ライトを手に持って、部屋が暗くなるのを待つ。時計を見れば服部君が言った10分は過ぎていて、そろそろ停電する頃だろうか。
「呉羽さんは服部君の推理に参加しなくてよかったのかい?」
「んー…。犯人分かっちゃってますしね」
「へぇ…。探偵だっけ?」
「いや、違いますよ。工藤君とか服部君に巻き込まれることはありますけどね。…あ。消えた」
一緒にいた千葉刑事と話していると、フッ、と辺りが暗くなる。私がブレーカーを元に戻せば、また部屋に明かりが戻ってくる。

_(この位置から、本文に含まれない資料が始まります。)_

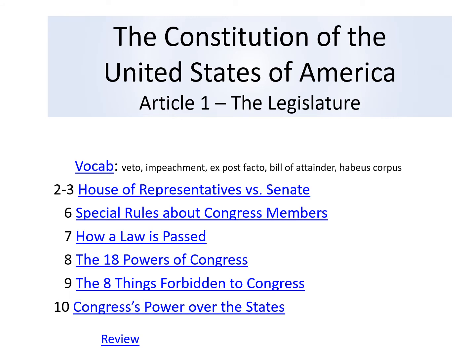The Constitution of the United States of America, Article 1, the Legislature.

もう停電させることもないだろうし、ライトもいらないだろう。ライトのスイッチを切って、小さく息を吐く。
「あとは、服部君たちが犯人突き止めてくれるかな」
顔はいいのに、勿体無い。そう思ってもしてしまったことは仕方がない。何度目になるか分からないため息をついて、服部君たちのところへと戻った。
+ + +
「和葉姉ちゃんが他の男と仲良くしてるとイライラするって!あれってどーいう意味?」
意地悪く服部君に尋ねるコナン君の声が聞こえた。後ろから私も知りたいなーと全てを分かってるだけにもう楽しむ勢いで聞けば、服部君はせやせや、と言って遠山さんを見る。

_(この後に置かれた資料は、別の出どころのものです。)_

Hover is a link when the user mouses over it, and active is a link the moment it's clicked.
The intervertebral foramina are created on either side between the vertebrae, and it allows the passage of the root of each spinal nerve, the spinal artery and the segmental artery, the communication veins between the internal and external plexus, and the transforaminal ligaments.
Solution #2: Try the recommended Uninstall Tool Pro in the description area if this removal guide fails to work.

「そのワケがやっとわかったんや…。きっと俺は…お前の事を…」
遠山さんが、服部君を期待するような目で見る。ごめんね、彼はまだそういうことに気付いてないよ。というか本当に告白ならもう少しムードのあるひと目につかない場所でお願いしたい。
「子分やと思てんねん!」
「こ、子分?」
「親分としては、よそ者に尻尾振られたら面子立たんし、気分わるいやろ?そやからイライラしてたっゆうわけや!」
「何でアタシがあんたの子分やねん!!」
「お前のオトンも俺の親父の子分やんけ!」
言い合いをする二人を見て、コナン君と二人で小さく息を吐く。私がしゃがんでコナン君にどう思う、あの男、と聞けば駄目だろアレは…と言われた。やっぱり、子分は駄目だろう、子分は。
「にしても今時自分の恋心にも気付けない高校生がいるとか希少価値でしょ」
「希少価値って問題か?アレ…」
「工藤君、毛利さんから子分と思われてるかも、とか思われてないといいね」
「いや、それはねぇだろ…」
苦笑いをしながら未だに言い合いを続ける二人を見て、コナン君が言う。残念ながら毛利さんの視線は言い合いをしている二人で、恐らく夜には工藤君の携帯にメールが来るだろう。
「そういやオメー家には連絡したのか?」
「あぁ、今日は私一人だから大丈夫だよ」
今日は、というか暫くは、だろうか。私には関わらせるつもりがないのか、秀一さんは私に何も言わない。けれど、徐々に私の家に来る頻度が減っている。きっと、FBIも動き始めているんだ。
(身体、壊さなきゃいいけど……)
いつものことだけれど、彼の目の下にある隈を思いだしながら息を吐いた。